Resting in the heart of Jerusalem’s Old City is Hezekiah’s Pool, standing empty of water and to which access is blocked – three dunams of barren and neglected space within a walled, crowded and tightly packed city where the struggle for every piece of land intensifies. In the past, before the city was connected to the modern water infrastructure, irrigating Jerusalem and providing water for its inhabitants constituted an awesome challenge, in light of the city’s climate and topographical conditions. Despite the fact that the city’s population was diverse and conflict-stricken, this particular challenge transcended religion, race and gender, with residents coming together for the sake of creating a shared water infrastructure. The water infrastructure, and Hezekiah’s Pool within it, offered a meeting place for various sectors of the population – all of whom needed water to survive. Thus, the rhythm of daily life overpowered divisive ideologies.

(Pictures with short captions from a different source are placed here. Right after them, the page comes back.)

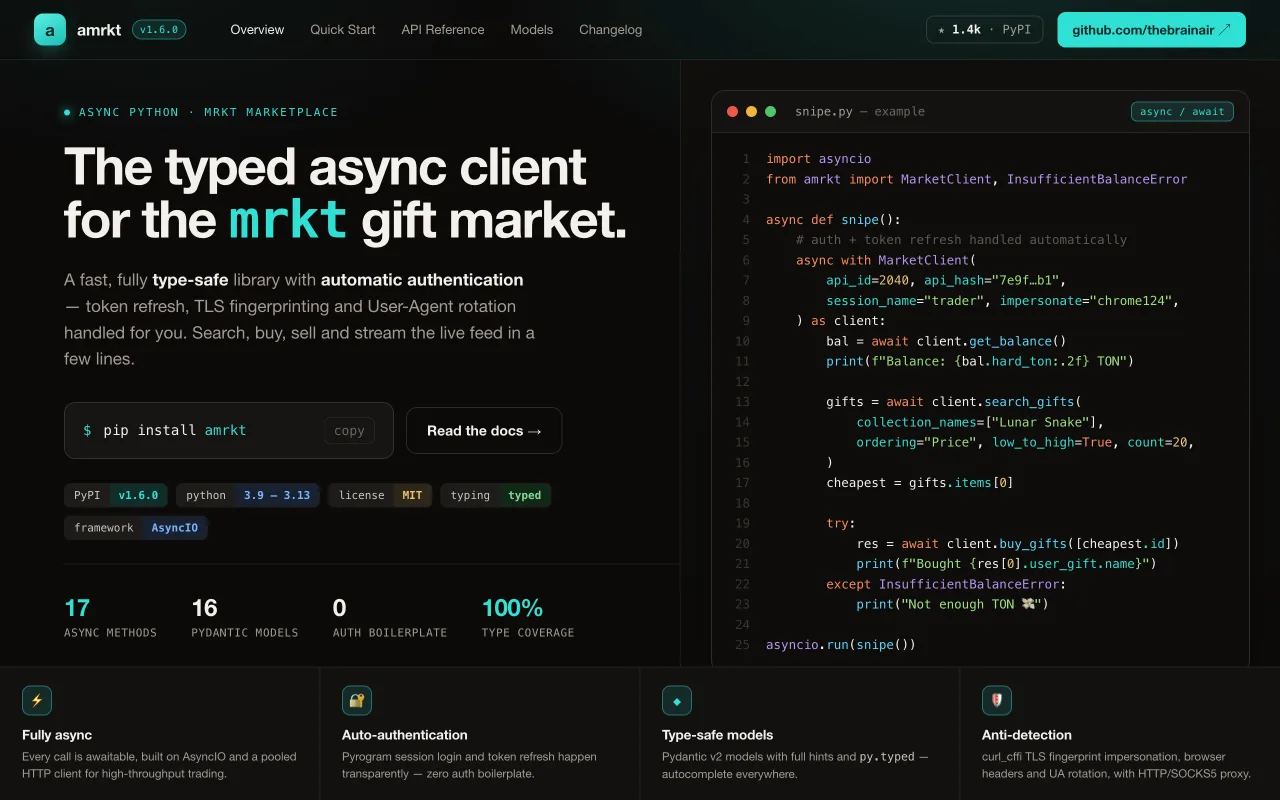 amrkt — Typed async client for the mrkt market. Designed and built by Lotumi.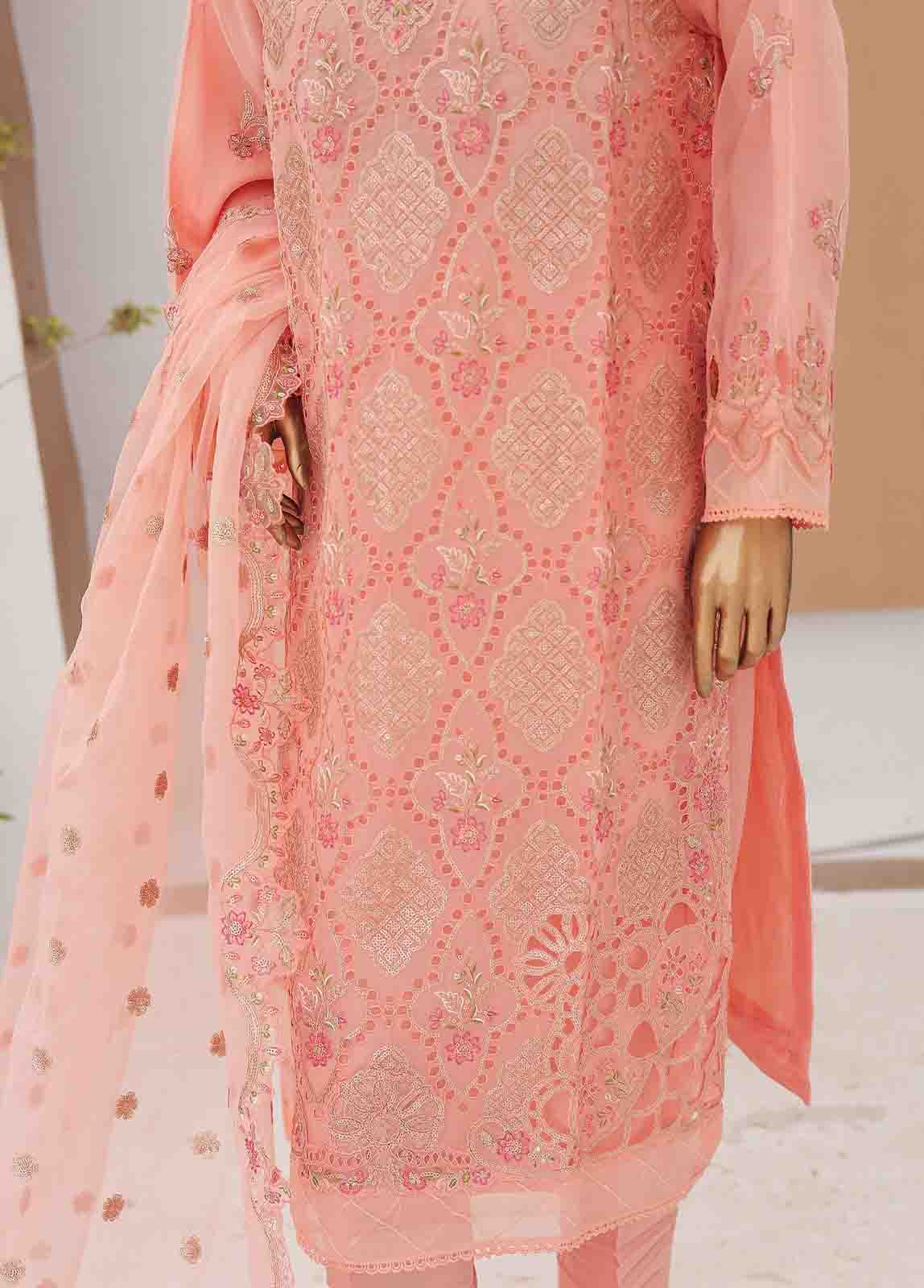 Bin Saeed Fabric - RTS-011- 3 Piece Embroidered Organza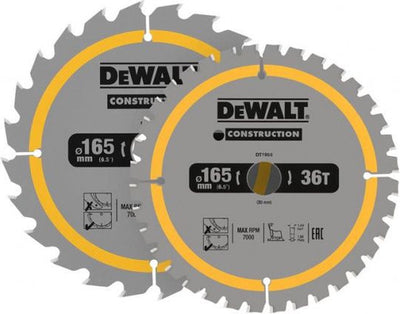 Dewalt 2x Kreissägeblatt | 165 x 20 mm x 24 t 36 t | dt90270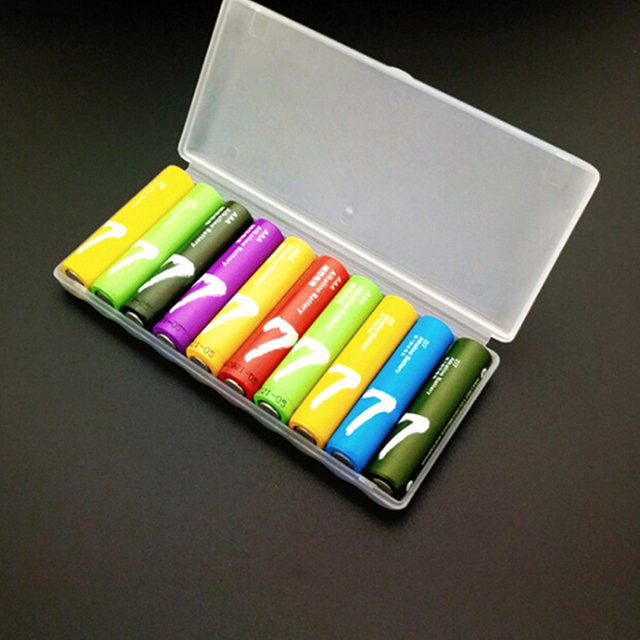 Tragbare Batterie-Organizer Box aus Kunststoff für 10 Stück AAA, AA oder 18650 Batterien in Transparent - Bild 1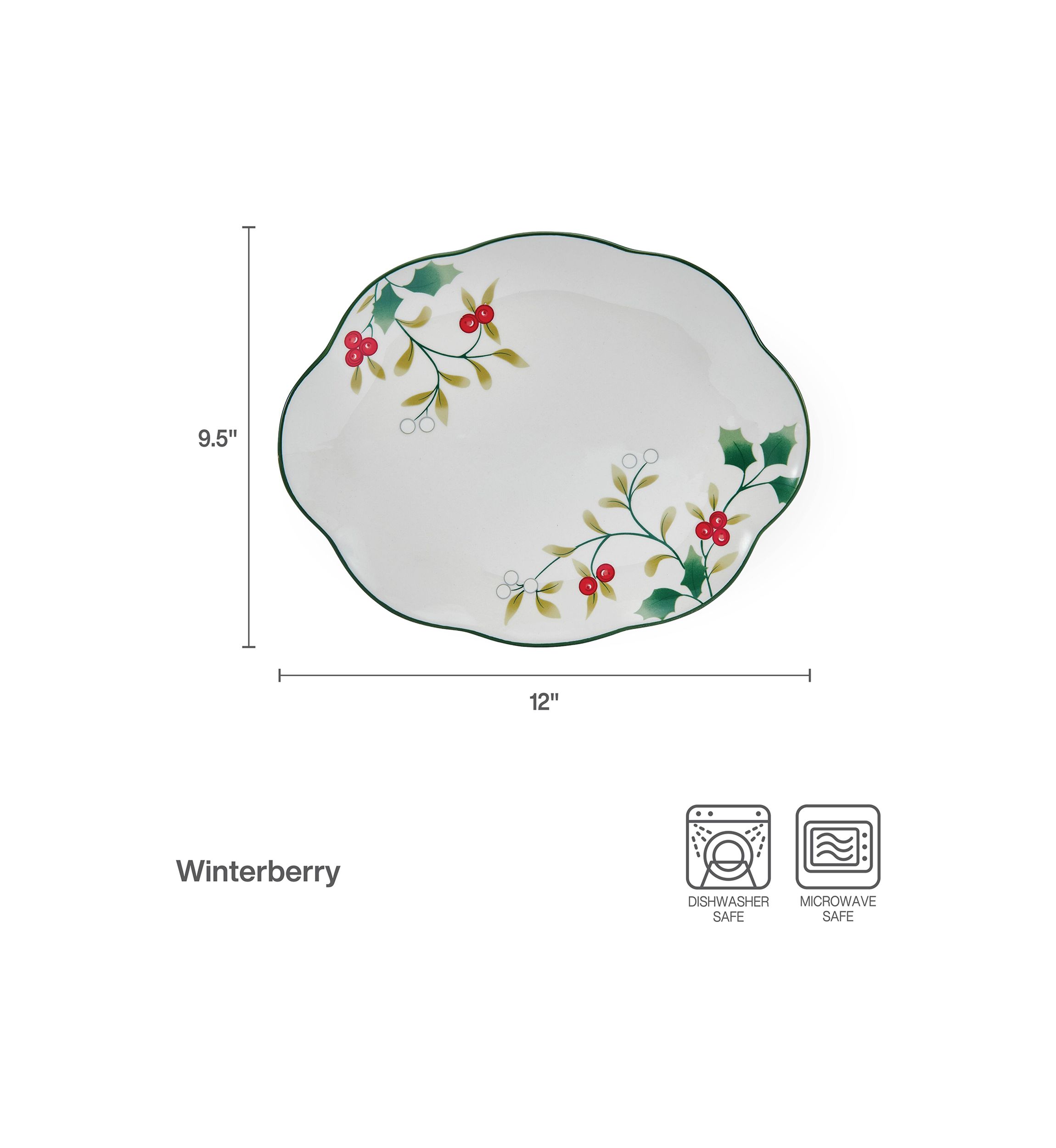 Stoneware Winterberry Platters - Set of 2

The years-long history of the city has saturated it with monuments. As such, the city is replete with diverse ideologies, which dictate its routine – beginning with the subsistence radius of its inhabitants and ending with the attraction of tourists from all around the world. Daily life in the city was subordinated, with basic living space – where opportunity could exist for neutral, “secular” encounters – becoming scarce.
This project examines the possibility of revitalizing the abandoned pool and bringing the local population back to this public space – as in the past.